The time-averaged intra-glottal pressure distribution predicted by the present LES calculation was shown to be influenced by the low-negative static pressure values induced by the flow structures developed due to the separation of the flow. Thus, in the first half of the divergent wall of the folds, the pressure was lower as compared to its values toward the symmetry plane of the model. The minimum pressure value found on the glottal wall, at the site of the narrowest glottal width, was followed by a slight pressure recovery in the stream-wise direction. LES data concerning the intra-glottal pressure distribution in a rigid convergent-divergent glottal model that considered both left and right vocal folds were recently reported (Suh and Frankel, 2007). It was shown that the glottal jet skews and attaches to one wall, a severe flow separation occurring on the other∕opposite wall of the glottis just downstream of the minimum glottal area. The pressure data, on the side where the flow separates, were found to be slightly higher than the pressures on the opposite wall, where flow attaches. As in the present simulations, the minimum pressure was at the location of the narrowest glottal width on the side where separation occurs. Downstream of the separation point, their results indicated a uniform pressure distribution on the vocal fold; the interaction between the glottal jet and the vocal fold wall through eventually generated structures in the shear-layer not being intense due to the severe separation. In the present LES, due to the assumed flow symmetry, the glottal jet skewing is avoided and there is an important interaction between the intra-glottal structures and the divergent wall of the glottis.

The spectral analysis of the flow data revealed that the vortices developed in the intra-glottal region are characterized by lower frequencies (St∼0.02) as compared with those developed in the supra-glottal region (St∼0.143). This suggests that the intra-glottal flow structures are induced at lower frequency as compared with the vortices generated in the supra-glottal region in the glottal jet shear-layer. Experimental studies concerning the flow structures generated downstream of divergent larynx models, and their characteristic frequencies, indicated that the Strouhal number of vortex shedding is approximately 0.145 for glottal flows with the Reynolds number of roughly 2000 (Kucinschi et al., 2006; Zhang et al., 2004). This is in good agreement with our findings (St∼0.143). The same experiments shown that for glottal flows at different Reynolds numbers (roughly range of 1500<Re<3300), the vortex shedding frequency corresponds to a relatively constant value of the Strouhal number. This behavior was not observed for the low Reynolds number cases (Re<1500).

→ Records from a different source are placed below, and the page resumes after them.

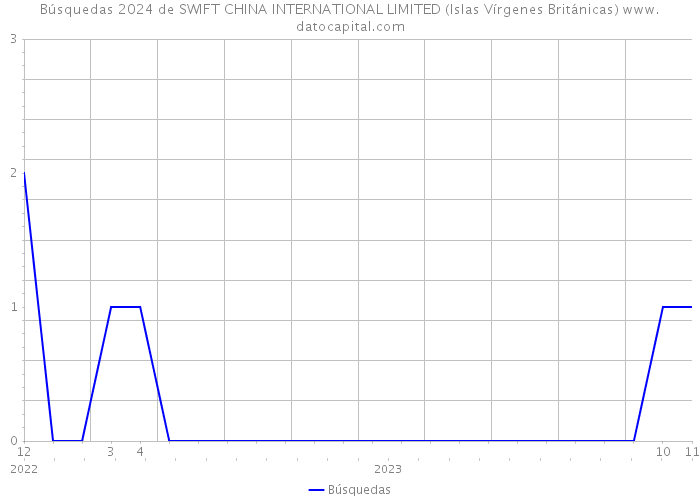 Búsquedas 2024 de SWIFT CHINA INTERNATIONAL LIMITED (Islas Vírgenes Británicas) 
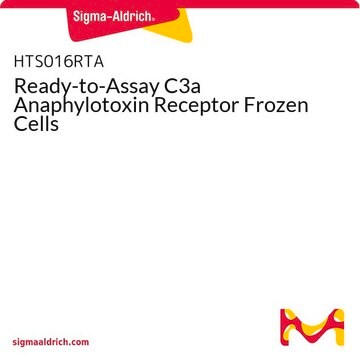 Ready-to-Assay C3a Anaphylotoxin Receptor Frozen Cells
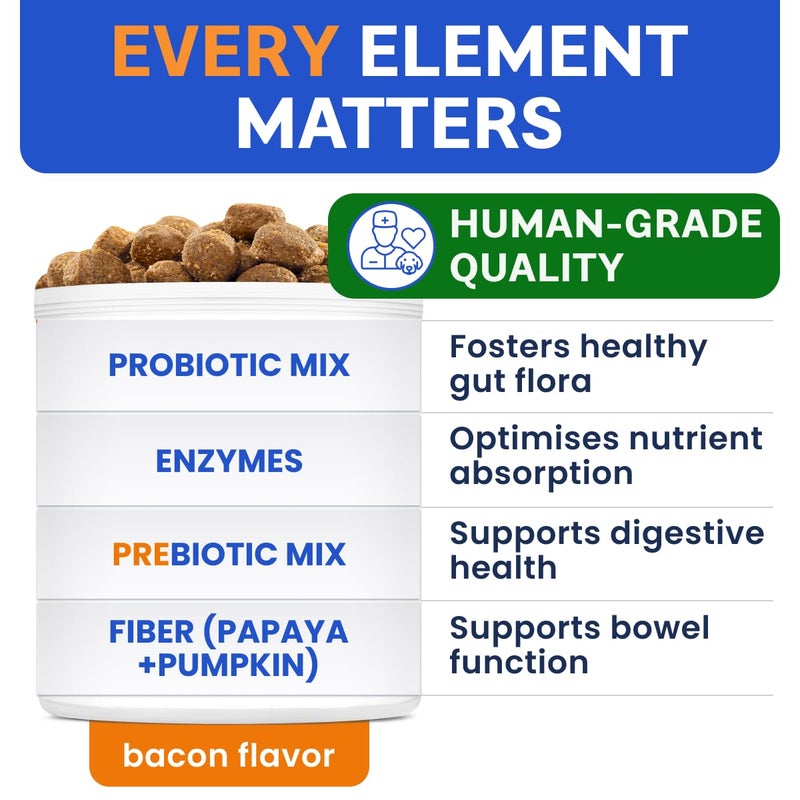 Bark&Spark Vet Strength Dog Probiotics Chews & Digestive Enzymes for Allergies Itchy Skin - Dogs Digestive Health - Gas, Diarrhea, Constipation Relief Pills - Prebiotics for Dogs Gut Health (120 Ct) - Image 4
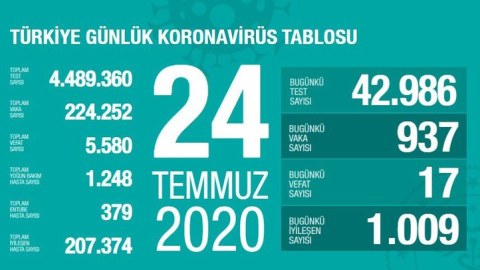 Türkiyədə son sutkada koronavirusdan 17 nəfər dünyasını dəyişdi
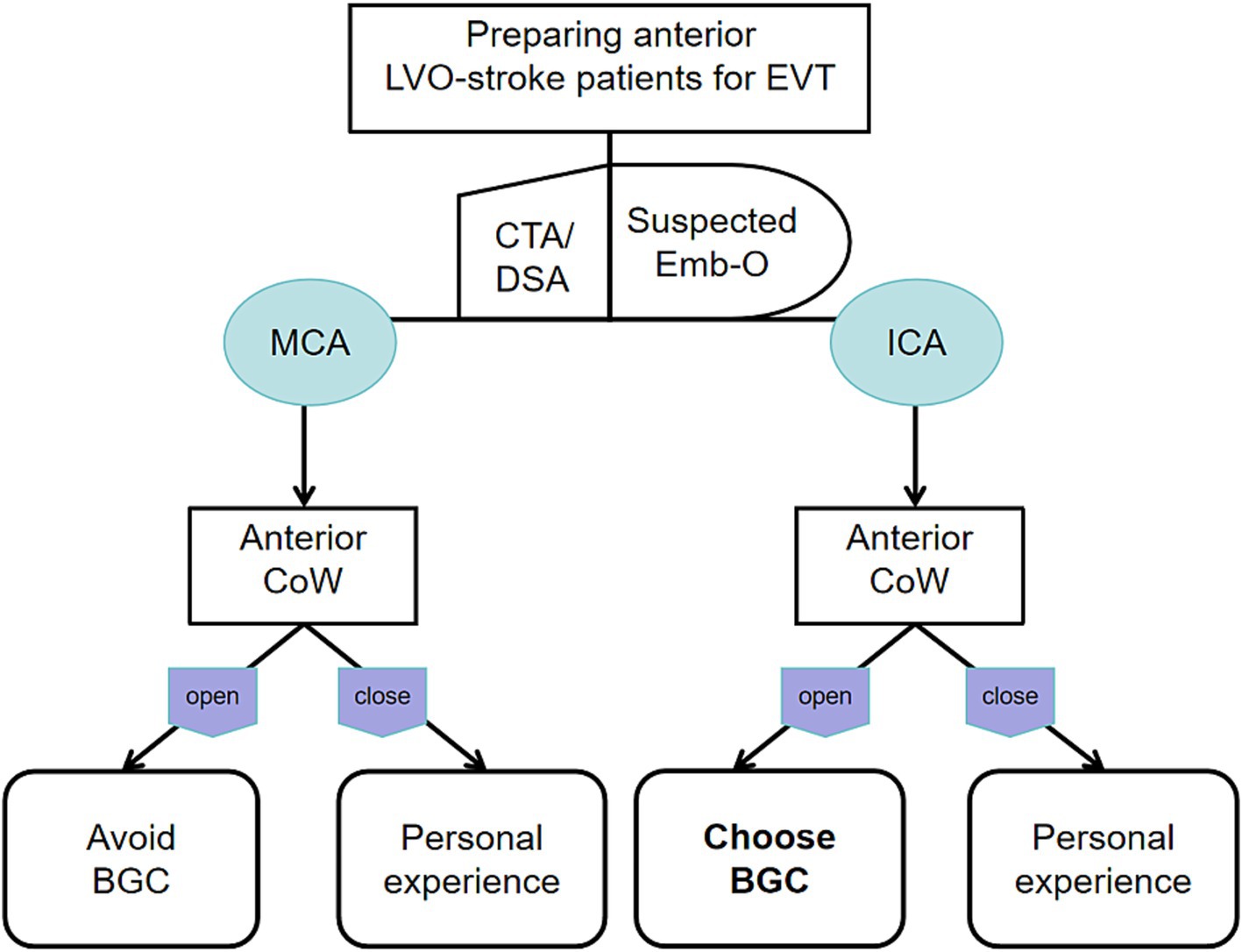 Flowchart for preparing anterior LVO-stroke patients for EVT. It involves assessing using CTA/DSA, suspecting Emb-O, then choosing between MCA or ICA pathways. Both paths lead to anterior CoW, which has open and close options. MCA path suggests avoiding BGC with open CoW and personal experience with closed CoW. ICA path suggests choosing BGC with open CoW and personal experience with closed CoW.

As shown in both experimental and numerical studies, vortical structures affect the voice production through contributions as monopole, dipole, and quadrupole acoustic sources (McGowan, 1988; Barney et al., 1999; Titze, 2000; Zhao et al., 2001; Zhang et al., 2004; Suh and Frankel, 2007). The monopole acoustic source that is associated with fluid displacement due to acceleration of a moving surface was found to dominate the other acoustic sources at very high vocal fold vibration frequencies (Zhao et al., 2002), while the dipole acoustic source generated by the pressure distribution (fluctuating loading) on a surface was found to dominate for convergent-divergent glottal models (Zhao et al., 2001, 2002; Zhang et al., 2004; Suh and Frankel, 2007). The quadrupole acoustic source is generated by turbulence and it was found to be weak when the vocal folds are vibrating or for a convergent-divergent glottal shape. However, it was found to dominate the sound field for straight and converging glottal shaped models in the absence of vocal folds vibration (Zhang et al., 2004). The intra-glottal separation vortices and their correspondent negative pressures may influence all these acoustic sources.

The negative static pressure on the vocal folds walls that is induced by the intra-glottal vortical structures exerts lateral closing force on the divergent section of the glottis. These forces may result in the acceleration of the closing phase of the phonation cycle relative to the opening phase affecting the monopole acoustic source. This asymmetry of the cycle may have an important implication on voice generation mechanisms. It is known that rapid glottal closing correlates well with voice intensity and loudness (Sundberg and Gauffin, 1979; Woo, 1996; Stevens, 1998).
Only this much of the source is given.